Такова была обычная проза коммунистической, советской и не советский, идеологии, иными словами - тоталитарного режима уже на пороге его крушения, но все еще наглого, что придает всему комическую окраску.
Веэс никогда не считал себя «антифашистом» в характерном для Италии догматически-идеологическом понимании этого термина, считает фашизм злом (не «абсолютным», а относительным и историческим), с которым необходимо последовательно и непримиримо бороться в его конкретных проявлениях, не превращая его в некую метафизическую сущность - бесчестное и ловкое ухищрение в целях преследования «других» и «противников», с типично фашистской ментальностью объявляя последних «фашистами» в мистифицированном «метафизическом» смысле. Веэсу было неприятно видеть, как нечто подобное повторилось, хотя и несколько смягченно и с меньшим эффектом, со свежеиспеченным «антикоммунизмом», как будто стоит только его перенять, как сразу можешь приписать себе его заслуги и обретешь моральное и интеллектуальное превосходство. Веэс, верный католическому принципу «одно дело ошибка, другое - ошибающийся» и «ненавидеть ошибки» - не значит ненавидеть «ошибающихся» Алессандро Мандзони42 , считает, что отдельный фашист и отдельный коммунист могут быть лучше антифашиста и антикоммуниста и что антифашизм и антикоммунизм сами по себе больше не оправданны после исторически бесславного конца фашизма и коммунизма, несмотря на все их маргинальные пережитки. Антифашизм и антикоммунизм могут обрести смысл, если преодолеют себя и сольются с радикальным антитоталитаризмом (и антифундаментализмом), не идеализируя и не обожествляя при этом либеральной демократии, которая всего лишь наименьшее зло из всех известных форм правления и ее недостатки иногда очень хорошо выявляют ее крайне правые или крайне левые критики, предлагающие альтернативные решения гораздо худшие, чем разоблачаемые ими недуги.
Веэс не только принимал участие в диссидентском движении, но и написал для Энциклопедии Эйнауди по просьбе ее инициатора Руджиеро Романо43 специальную статью о «консенсусе-диссенсусе». С особой признательностью Веэс вспоминает о двух премиях, которые по символической значимости отличаются от других присужденных ему премий. Полученные в 1986 году Премия Андрея Сахарова и Премия Преццолини44 . (Последняя ему особенно дорога, тем более что была присуждена по предложению Аугусто Дель Ноче45 , личная встреча с которым, благодаря стихийному совпадению результатов историко-культурных штудий Веэса и философской мысли Дель Ноче, доставила Веэсу истинное удовольствие)46 .
Сахаров, с которым Веэс познакомился на съезде социалистов в Милане, стал для него еще одним принципиальным этико-политическим ориентиром, наравне с Солженицыным.
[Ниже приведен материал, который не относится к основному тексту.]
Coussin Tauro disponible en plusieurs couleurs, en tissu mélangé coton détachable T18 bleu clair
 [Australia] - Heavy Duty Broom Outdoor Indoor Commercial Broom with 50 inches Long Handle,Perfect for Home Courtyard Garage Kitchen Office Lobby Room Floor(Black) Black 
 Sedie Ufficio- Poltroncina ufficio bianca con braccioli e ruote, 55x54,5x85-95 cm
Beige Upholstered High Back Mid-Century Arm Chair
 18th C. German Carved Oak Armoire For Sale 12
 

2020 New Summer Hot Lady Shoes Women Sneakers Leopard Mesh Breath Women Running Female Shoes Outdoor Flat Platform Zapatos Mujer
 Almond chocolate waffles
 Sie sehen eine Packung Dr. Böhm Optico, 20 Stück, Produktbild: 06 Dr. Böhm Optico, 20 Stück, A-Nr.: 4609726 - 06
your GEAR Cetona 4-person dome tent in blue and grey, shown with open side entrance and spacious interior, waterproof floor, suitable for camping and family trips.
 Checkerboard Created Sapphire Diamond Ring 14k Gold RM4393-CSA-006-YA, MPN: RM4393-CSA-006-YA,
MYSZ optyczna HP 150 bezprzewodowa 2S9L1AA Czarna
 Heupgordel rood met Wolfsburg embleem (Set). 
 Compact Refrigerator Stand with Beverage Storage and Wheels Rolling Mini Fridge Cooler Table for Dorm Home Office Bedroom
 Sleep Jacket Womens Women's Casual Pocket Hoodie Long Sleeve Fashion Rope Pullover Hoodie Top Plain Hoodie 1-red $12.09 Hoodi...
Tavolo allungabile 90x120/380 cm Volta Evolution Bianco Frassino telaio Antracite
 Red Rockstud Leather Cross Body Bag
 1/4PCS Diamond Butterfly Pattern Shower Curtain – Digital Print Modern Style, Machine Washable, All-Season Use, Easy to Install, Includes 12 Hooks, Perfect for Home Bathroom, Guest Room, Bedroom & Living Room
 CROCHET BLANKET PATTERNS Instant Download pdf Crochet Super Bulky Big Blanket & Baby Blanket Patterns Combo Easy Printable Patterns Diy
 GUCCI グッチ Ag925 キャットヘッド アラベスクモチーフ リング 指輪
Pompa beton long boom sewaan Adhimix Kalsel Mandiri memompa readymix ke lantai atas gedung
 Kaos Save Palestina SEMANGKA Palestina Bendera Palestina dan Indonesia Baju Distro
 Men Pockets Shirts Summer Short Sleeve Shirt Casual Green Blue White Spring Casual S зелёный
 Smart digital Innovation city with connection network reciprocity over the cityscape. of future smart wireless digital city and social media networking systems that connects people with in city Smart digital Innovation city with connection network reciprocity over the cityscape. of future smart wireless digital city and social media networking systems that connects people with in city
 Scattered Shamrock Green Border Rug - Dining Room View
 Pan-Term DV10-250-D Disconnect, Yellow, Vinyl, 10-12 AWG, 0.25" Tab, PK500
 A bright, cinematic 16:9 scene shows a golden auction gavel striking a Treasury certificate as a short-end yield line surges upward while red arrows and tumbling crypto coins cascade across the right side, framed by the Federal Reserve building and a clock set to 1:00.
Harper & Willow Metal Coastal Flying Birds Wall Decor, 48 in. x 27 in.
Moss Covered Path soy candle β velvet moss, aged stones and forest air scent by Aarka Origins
С последним, как известно, у Сахарова состоялась дискуссия, не лишенная полемического накала, что было вызвано разницей их культурного багажа и расхождениями в политических программах. (Это доказательство того, насколько свободным без всякого сектантства было участие Веэса в русском диссидентском движении, чем он обязан критическим выпадам и недоброжелательностью Андрея Синявского, не прощавшего Веэсу привязанности к Солженицыну, которого, как известно, Синявский ненавидел безмерно, нелепо подозревая Веэса в потворстве русскому национализму!). Что касается Преццолини, человека совершенно иной исторической ситуации и совершенно иной культуры, он был олицетворением духовной свободы, и с этой точки зрения, как и диссидент Сахаров, был для Веэса духовным ориентиром.